Ce qu'il faut retenir

  • Le ministère de la Culture du Burkina Faso a suspendu, le 8 juin 2026, tous les concours de beauté dans le pays « jusqu’à nouvel ordre ».
  • Cette décision vise à « défendre les valeurs culturelles nationales » et à aligner ces événements sur les idéaux de la révolution progressiste populaire.
  • Les autorités n’ont pas encore précisé la durée de cette suspension ni les modalités du futur encadrement.
  • Cette mesure s’inscrit dans un contexte de débats récurrents sur l’influence culturelle occidentale au Burkina Faso.

Une suspension justifiée par la protection des valeurs nationales

Dans son communiqué, le ministère de la Culture burkinabè a souligné que cette suspension temporaire avait pour but de « préserver l’identité culturelle du pays ». Selon RFI, les autorités estiment que certains concours de beauté, tels qu’ils sont actuellement organisés, pourraient véhiculer des modèles sociaux ou esthétiques étrangers, jugés contraires aux aspirations de la révolution en cours. « Nous devons adapter ces événements aux réalités de notre société et aux principes de notre révolution », a déclaré un responsable du ministère sous couvert d’anonymat. « Il ne s’agit pas de les interdire définitivement, mais de les repenser pour qu’ils reflètent mieux nos valeurs. »

Cette annonce intervient à un moment où le Burkina Faso, comme plusieurs pays de la région, tente de concilier modernité et préservation de son héritage culturel. Depuis le début des années 2020, les autorités ont multiplié les initiatives pour promouvoir une culture « panafricaine et décolonisée », notamment à travers des réformes éducatives et médiatiques. Les concours de beauté, souvent associés à des standards de beauté occidentaux, sont donc dans le viseur des décideurs politiques.

Des réactions contrastées au sein de la société burkinabè

Si l’annonce a été saluée par une partie de la population, notamment les défenseurs d’une identité culturelle forte, elle a également suscité des interrogations. Certains acteurs du secteur, comme des organisateurs de concours locaux, s’interrogent sur les conséquences économiques de cette décision. Pour eux, ces événements représentent une source de revenus non négligeable, tant pour les participantes que pour les sponsors. « Ces concours attirent des touristes et génèrent des retombées positives pour l’artisanat et l’hôtellerie », a expliqué une organisatrice sous anonymat à RFI. « Nous comprenons les préoccupations culturelles, mais il faut aussi penser aux emplois et aux petites entreprises qui en dépendent. »
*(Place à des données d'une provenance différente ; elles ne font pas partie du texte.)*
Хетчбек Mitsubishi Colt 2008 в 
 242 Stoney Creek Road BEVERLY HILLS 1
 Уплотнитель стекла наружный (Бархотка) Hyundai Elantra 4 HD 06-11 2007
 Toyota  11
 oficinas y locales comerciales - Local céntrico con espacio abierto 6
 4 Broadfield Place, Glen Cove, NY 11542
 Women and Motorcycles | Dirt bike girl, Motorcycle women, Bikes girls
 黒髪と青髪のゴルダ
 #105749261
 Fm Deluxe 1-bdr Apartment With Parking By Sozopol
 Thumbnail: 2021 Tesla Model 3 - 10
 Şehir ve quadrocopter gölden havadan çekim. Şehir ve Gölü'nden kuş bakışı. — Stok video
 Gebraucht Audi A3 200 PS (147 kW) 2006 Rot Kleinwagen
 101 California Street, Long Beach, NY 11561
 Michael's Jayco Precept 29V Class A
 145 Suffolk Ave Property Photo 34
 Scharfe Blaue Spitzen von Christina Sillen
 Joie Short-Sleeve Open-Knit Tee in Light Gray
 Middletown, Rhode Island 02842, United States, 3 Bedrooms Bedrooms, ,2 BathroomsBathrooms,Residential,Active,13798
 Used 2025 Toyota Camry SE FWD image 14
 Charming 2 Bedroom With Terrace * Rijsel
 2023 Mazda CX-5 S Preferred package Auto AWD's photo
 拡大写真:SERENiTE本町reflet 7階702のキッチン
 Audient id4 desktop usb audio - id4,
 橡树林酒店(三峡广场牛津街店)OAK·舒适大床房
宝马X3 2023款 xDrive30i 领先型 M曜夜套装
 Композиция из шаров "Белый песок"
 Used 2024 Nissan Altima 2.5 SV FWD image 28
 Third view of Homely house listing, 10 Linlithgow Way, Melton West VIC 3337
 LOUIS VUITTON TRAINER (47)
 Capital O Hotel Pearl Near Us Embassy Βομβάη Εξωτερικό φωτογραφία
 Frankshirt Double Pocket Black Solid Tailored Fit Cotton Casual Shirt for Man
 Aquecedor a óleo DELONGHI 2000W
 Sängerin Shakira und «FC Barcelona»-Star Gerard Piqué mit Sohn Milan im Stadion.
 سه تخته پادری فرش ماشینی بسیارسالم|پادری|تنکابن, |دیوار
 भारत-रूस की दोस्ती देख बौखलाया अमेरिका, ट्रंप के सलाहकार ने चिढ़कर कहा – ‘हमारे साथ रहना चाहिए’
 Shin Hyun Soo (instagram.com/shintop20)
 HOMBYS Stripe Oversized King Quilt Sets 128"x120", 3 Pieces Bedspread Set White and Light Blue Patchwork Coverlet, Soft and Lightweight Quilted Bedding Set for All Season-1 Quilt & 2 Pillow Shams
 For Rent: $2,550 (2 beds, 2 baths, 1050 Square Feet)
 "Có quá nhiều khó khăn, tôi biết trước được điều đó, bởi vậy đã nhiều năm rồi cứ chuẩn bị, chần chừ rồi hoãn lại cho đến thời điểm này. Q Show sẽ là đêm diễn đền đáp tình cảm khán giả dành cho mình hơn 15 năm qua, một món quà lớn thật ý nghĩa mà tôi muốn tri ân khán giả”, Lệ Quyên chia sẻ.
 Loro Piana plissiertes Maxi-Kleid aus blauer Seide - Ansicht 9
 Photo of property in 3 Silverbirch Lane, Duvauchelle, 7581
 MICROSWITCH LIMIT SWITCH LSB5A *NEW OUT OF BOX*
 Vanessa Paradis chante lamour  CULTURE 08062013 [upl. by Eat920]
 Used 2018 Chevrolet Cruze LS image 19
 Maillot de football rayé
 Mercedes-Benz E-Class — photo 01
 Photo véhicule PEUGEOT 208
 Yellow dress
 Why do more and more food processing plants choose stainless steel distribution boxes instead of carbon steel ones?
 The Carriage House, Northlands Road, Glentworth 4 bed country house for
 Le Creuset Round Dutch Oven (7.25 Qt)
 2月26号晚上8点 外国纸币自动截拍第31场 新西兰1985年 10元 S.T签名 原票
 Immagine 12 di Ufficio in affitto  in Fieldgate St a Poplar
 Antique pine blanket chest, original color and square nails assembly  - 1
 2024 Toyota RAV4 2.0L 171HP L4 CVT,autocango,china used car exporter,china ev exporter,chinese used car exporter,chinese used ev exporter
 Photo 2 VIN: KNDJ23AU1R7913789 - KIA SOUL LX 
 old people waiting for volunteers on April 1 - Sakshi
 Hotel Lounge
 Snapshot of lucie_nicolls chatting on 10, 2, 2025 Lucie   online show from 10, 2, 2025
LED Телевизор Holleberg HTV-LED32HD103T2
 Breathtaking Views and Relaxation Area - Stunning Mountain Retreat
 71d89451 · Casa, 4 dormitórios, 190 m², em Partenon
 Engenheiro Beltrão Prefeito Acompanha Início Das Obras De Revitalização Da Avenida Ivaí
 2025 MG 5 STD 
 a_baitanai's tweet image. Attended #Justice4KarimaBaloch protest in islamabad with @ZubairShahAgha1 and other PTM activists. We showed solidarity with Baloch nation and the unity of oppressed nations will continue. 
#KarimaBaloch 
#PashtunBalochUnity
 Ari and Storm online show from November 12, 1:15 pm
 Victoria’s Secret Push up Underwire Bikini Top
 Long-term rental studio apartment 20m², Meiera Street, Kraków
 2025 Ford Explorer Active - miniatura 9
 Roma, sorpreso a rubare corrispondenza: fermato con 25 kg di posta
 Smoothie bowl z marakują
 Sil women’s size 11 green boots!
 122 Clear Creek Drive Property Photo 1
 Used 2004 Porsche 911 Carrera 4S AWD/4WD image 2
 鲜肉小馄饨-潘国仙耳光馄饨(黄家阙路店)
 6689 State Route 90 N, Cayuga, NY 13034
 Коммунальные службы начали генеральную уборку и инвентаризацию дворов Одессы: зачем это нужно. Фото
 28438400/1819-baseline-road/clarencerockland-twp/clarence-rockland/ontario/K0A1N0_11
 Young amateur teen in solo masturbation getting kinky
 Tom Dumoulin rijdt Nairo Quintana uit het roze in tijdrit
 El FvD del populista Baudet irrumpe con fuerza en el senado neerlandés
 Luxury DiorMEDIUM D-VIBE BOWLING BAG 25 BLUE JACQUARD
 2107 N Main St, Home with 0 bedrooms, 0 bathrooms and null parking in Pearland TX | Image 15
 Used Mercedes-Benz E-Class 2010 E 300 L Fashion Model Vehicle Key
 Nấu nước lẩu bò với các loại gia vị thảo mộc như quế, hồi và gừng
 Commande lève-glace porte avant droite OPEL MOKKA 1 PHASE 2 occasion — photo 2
D’autres Burkinabè, en revanche, y voient une avancée nécessaire. « Ces concours ne reflètent pas la diversité de notre société et renforcent des stéréotypes qui ne nous correspondent plus », a réagi une militante féministe de Ouagadougou. « Il est temps de passer à autre chose et de promouvoir des événements qui célèbrent notre patrimoine, comme les concours de tissage ou de contes traditionnels. » Les réseaux sociaux, très actifs au Burkina Faso, reflètent cette division, avec des débats animés entre partisans et détracteurs de la suspension.

Et maintenant ?

Les prochaines semaines devraient être consacrées à des consultations entre le ministère de la Culture, les organisateurs de concours et les associations culturelles. Aucune date n’a été avancée pour la reprise des compétitions, mais les autorités ont indiqué qu’un nouveau cadre réglementaire serait présenté « dans les meilleurs délais ». Reste à savoir si ce cadre inclura des quotas ou des critères stricts pour garantir une meilleure représentation des valeurs locales. Une chose est sûre : cette suspension pourrait servir de catalyseur pour repenser, plus largement, la place de la culture populaire dans la société burkinabè.

Une chose est certaine : cette décision marque un tournant dans la politique culturelle du pays. Alors que certains y voient une avancée vers plus d’authenticité, d’autres redoutent un durcissement des normes sociales. Une chose est sûre, le débat est loin d’être clos.